## To do
Wherever a picture appears in the data below, omit it, and restate everything else word for word.

·····

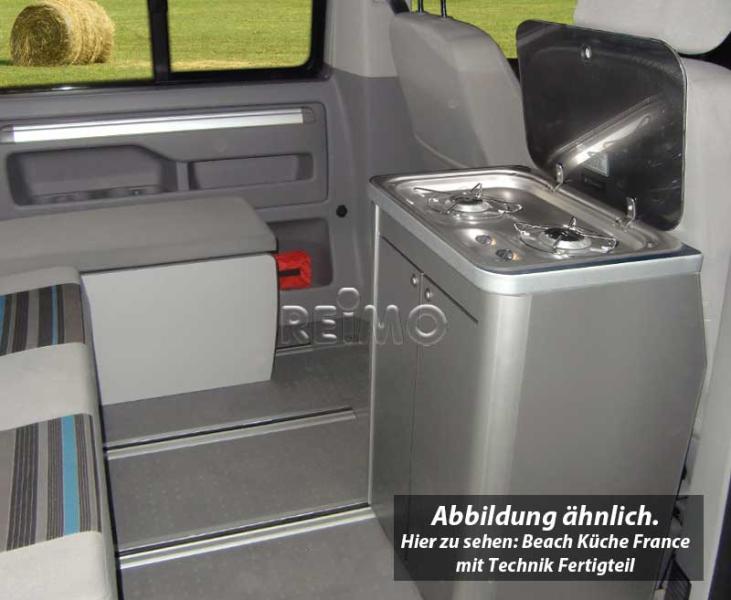 VW T6/5 Beach Küche France mit Technik Fertigteil, Hochglanz Schwarz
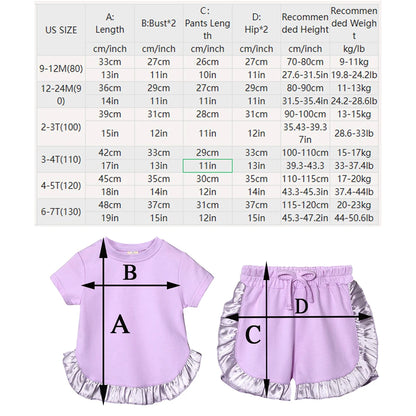 2025 Kids Girls Summer Outfits Solid Cotton T-shirt+Shorts Toddler Teenager Lounge Suit For 9M-7T Casual Girl Breathable Clothes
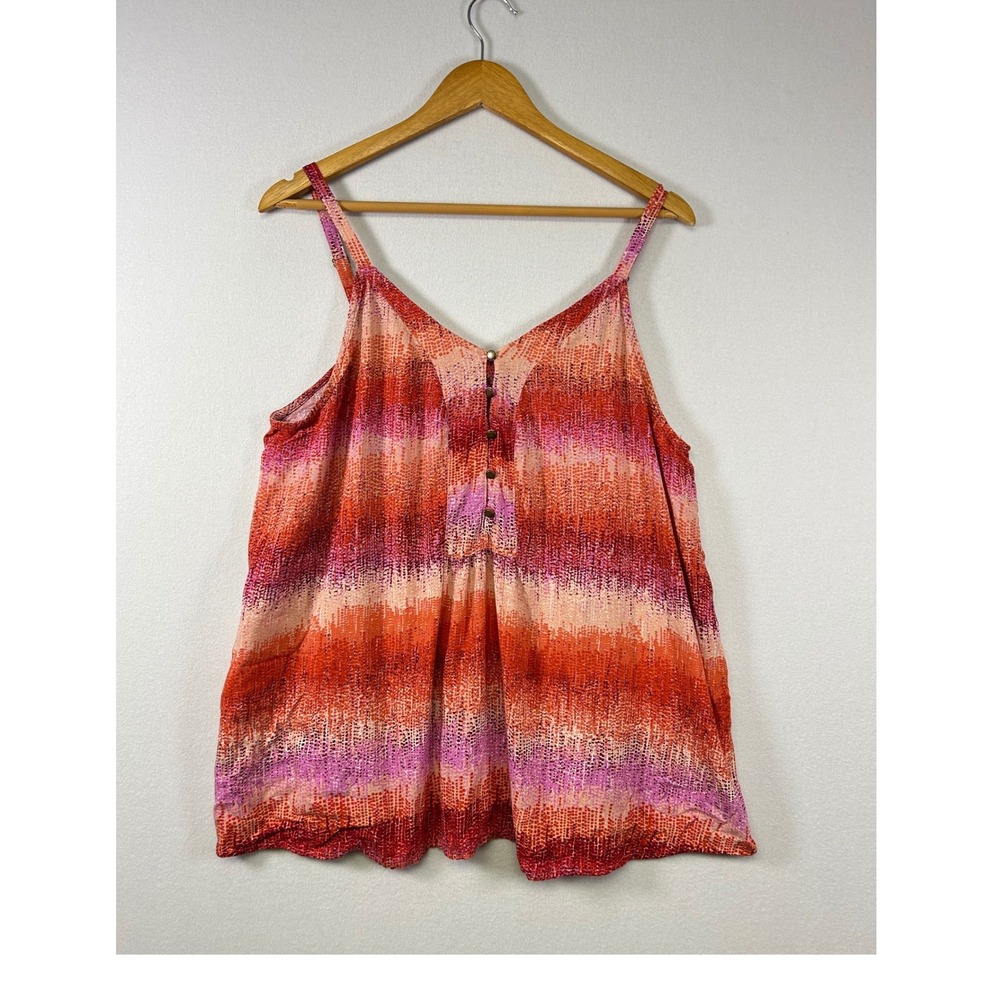 Sonoma‎ Camisole Tank Top Womens XL Orange Pink Ombre Stripe Rayon Boho Button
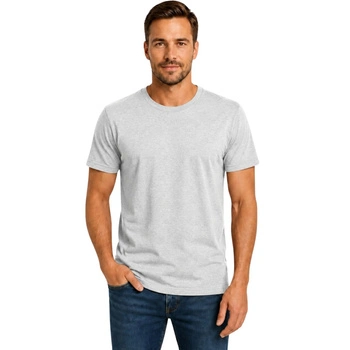 Koszulka męska Fruit of the Loom Valueweight T klasyczna szara melanż t-shirt r. L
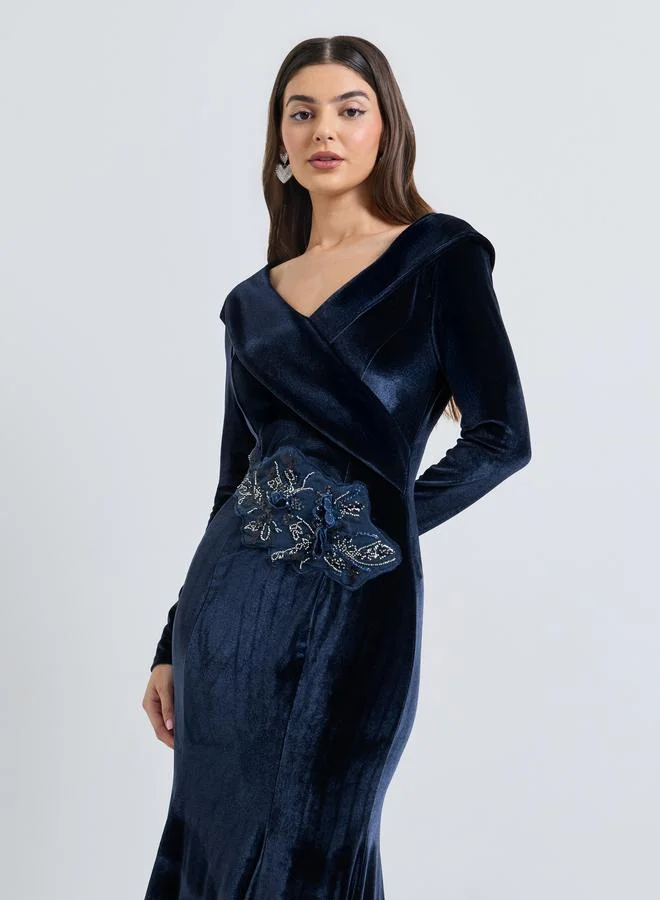 ستايلي Navy Blue Embellished Velvet-Look Mermaid Hem Maxi Dress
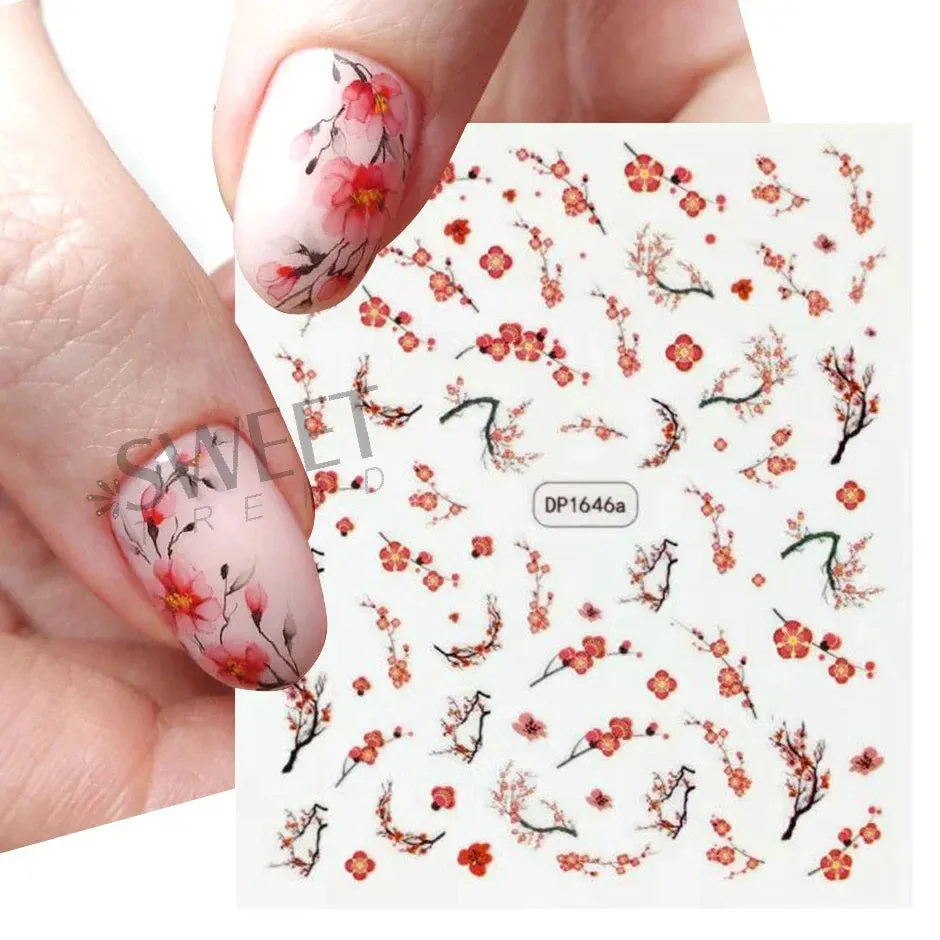 Joskaa Fresh Spring Simple Flower Nail Decoration Stickers Magnolia Sakura Floral Pattern Elegant Adhesive Sliders Manicure Decals LYDP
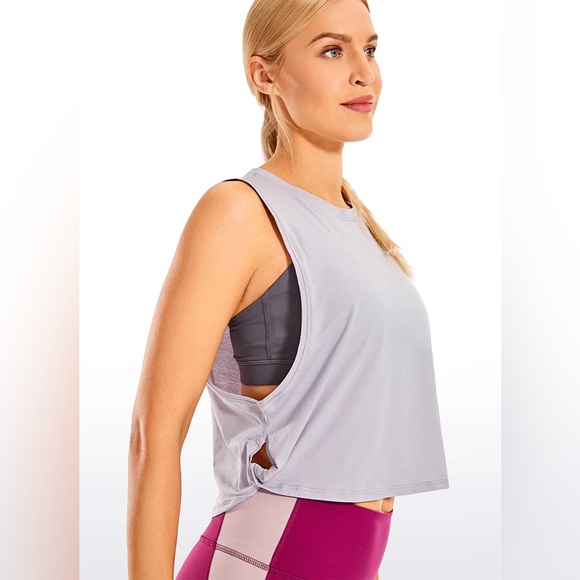 Pima Cotton Crop Tank Deep Armhole - Picture 4 of 6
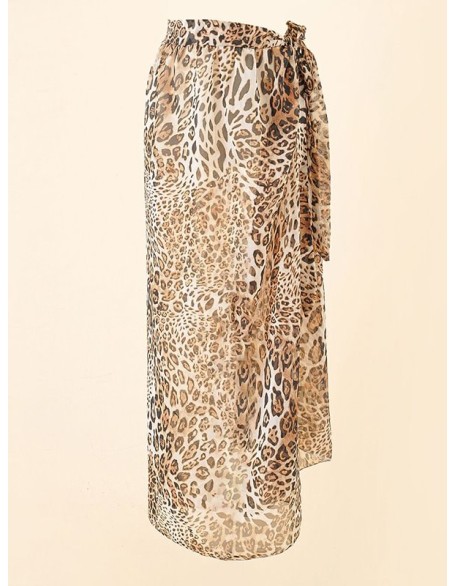 Leopard Split Side Cover-Ups Swimwear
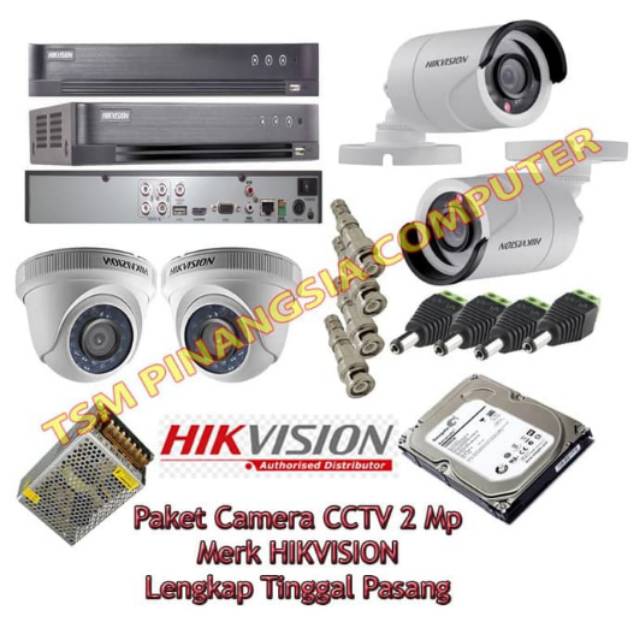 DVR Kamera CCTV Hikvision 4CH Paket Murah Camera CCTV Hikvision 2MP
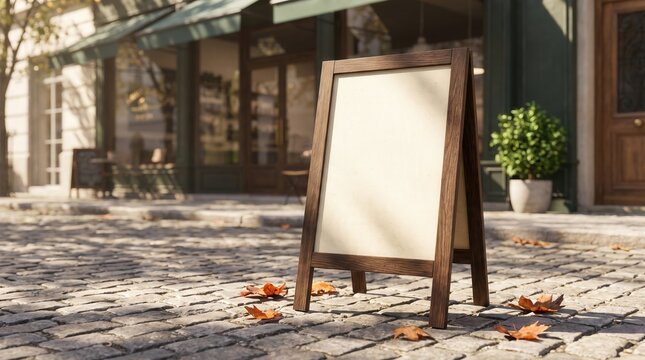 Blank Wooden A-Frame Sign Mockup on Sunny Cobblestone Street with Autumn Leaves for Restaurant Cafe or Boutique Store Marketing
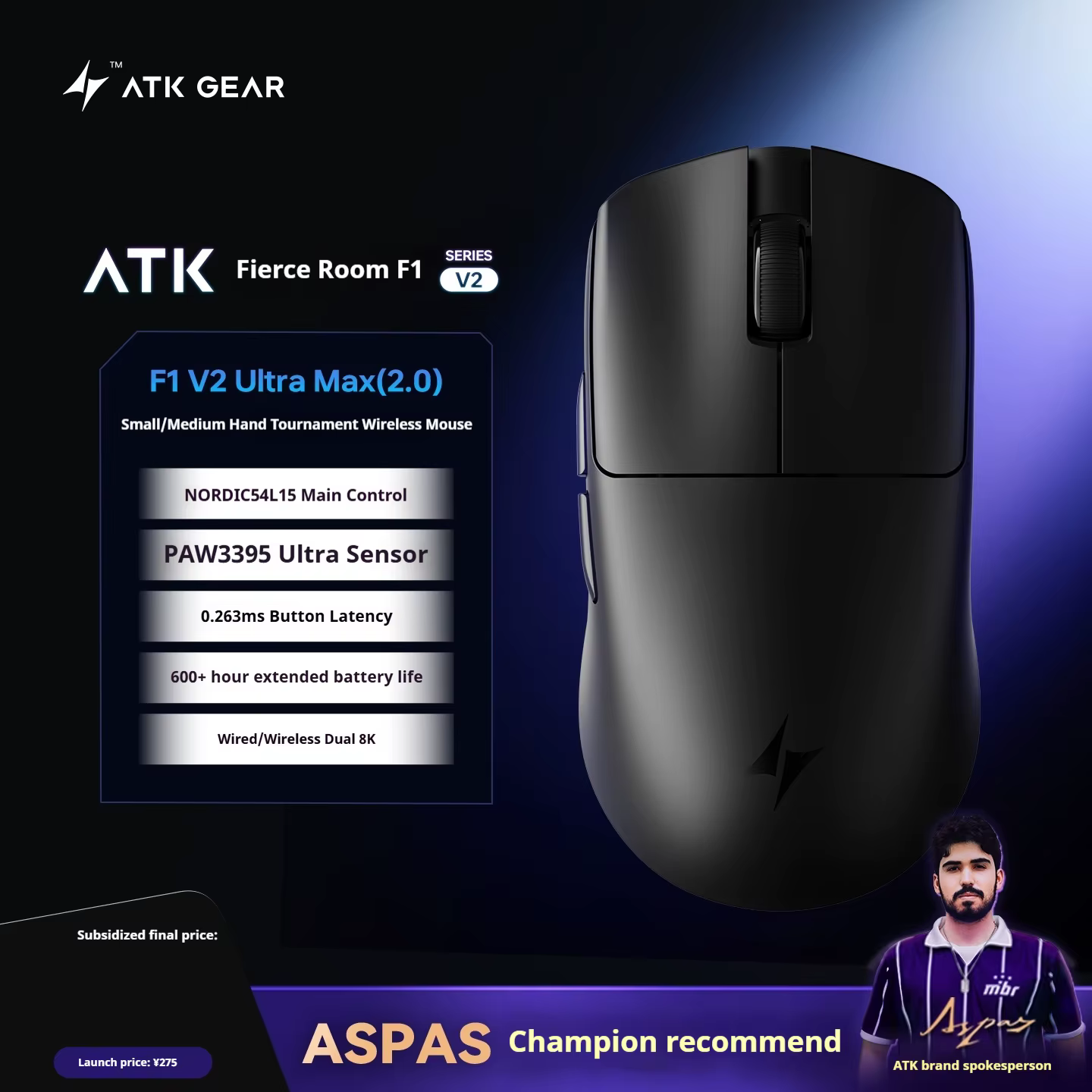 Atk F1 V2 Ultimate Mouse 38g léger double Mode sans fil 8K Gamer souris faible latence Paw3950utrla 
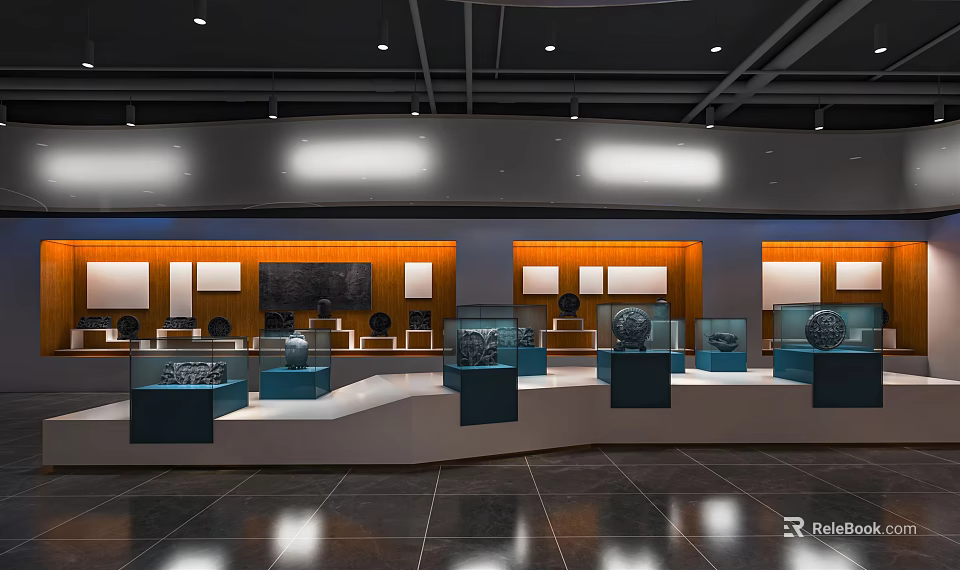Modern Exhibition Hall Interior With Glass Display Cases And Art Exhibits 3d model 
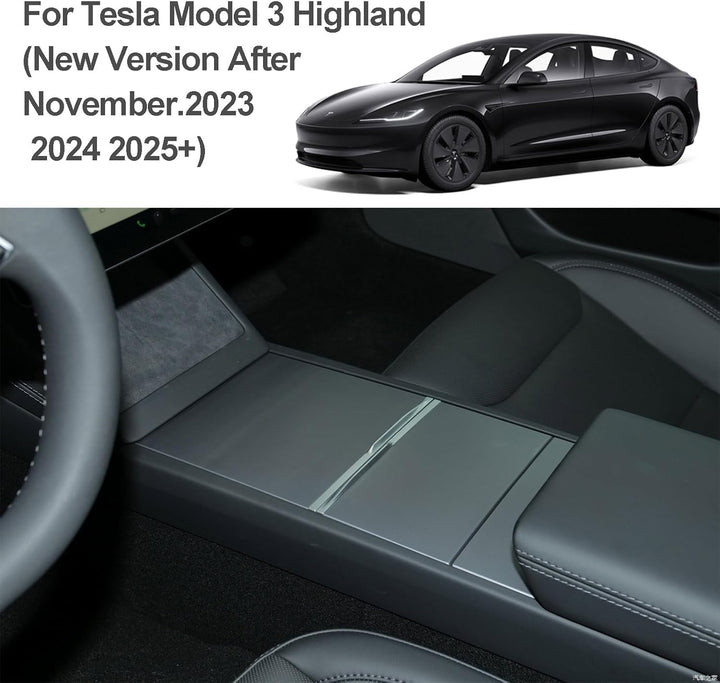 MIEBA 2 Pack Zubehör für Tesla Model 3 Highland 2024 Mittelkonsole Organizer-Ablage, für Tesla Model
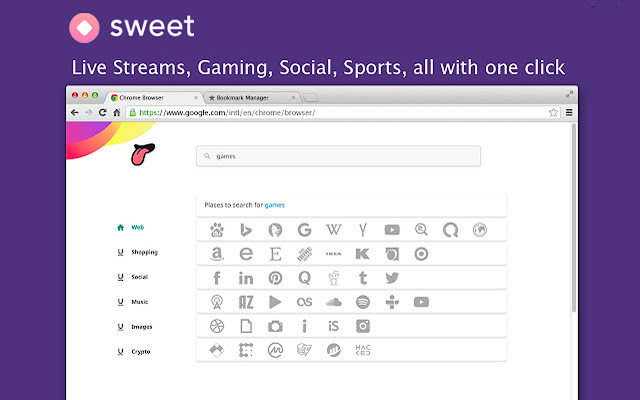 Sweet - Search & New Tab chrome谷歌浏览器插件_扩展第1张截图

·····

## Your solution
 VW T6/5 Beach Küche France mit Technik Fertigteil, Hochglanz Schwarz
 2025 Kids Girls Summer Outfits Solid Cotton T-shirt+Shorts Toddler Teenager Lounge Suit For 9M-7T Casual Girl Breathable Clothes
 Sonoma‎ Camisole Tank Top Womens XL Orange Pink Ombre Stripe Rayon Boho Button
 Koszulka męska Fruit of the Loom Valueweight T klasyczna szara melanż t-shirt r. L
 ستايلي Navy Blue Embellished Velvet-Look Mermaid Hem Maxi Dress
 Joskaa Fresh Spring Simple Flower Nail Decoration Stickers Magnolia Sakura Floral Pattern Elegant Adhesive Sliders Manicure Decals LYDP
 Pima Cotton Crop Tank Deep Armhole - Picture 4 of 6
 Leopard Split Side Cover-Ups Swimwear
 DVR Kamera CCTV Hikvision 4CH Paket Murah Camera CCTV Hikvision 2MP
 Blank Wooden A-Frame Sign Mockup on Sunny Cobblestone Street with Autumn Leaves for Restaurant Cafe or Boutique Store Marketing
 Atk F1 V2 Ultimate Mouse 38g léger double Mode sans fil 8K Gamer souris faible latence Paw3950utrla 
Modern Exhibition Hall Interior With Glass Display Cases And Art Exhibits 3d model 
 MIEBA 2 Pack Zubehör für Tesla Model 3 Highland 2024 Mittelkonsole Organizer-Ablage, für Tesla Model
 Sweet - Search & New Tab chrome谷歌浏览器插件_扩展第1张截图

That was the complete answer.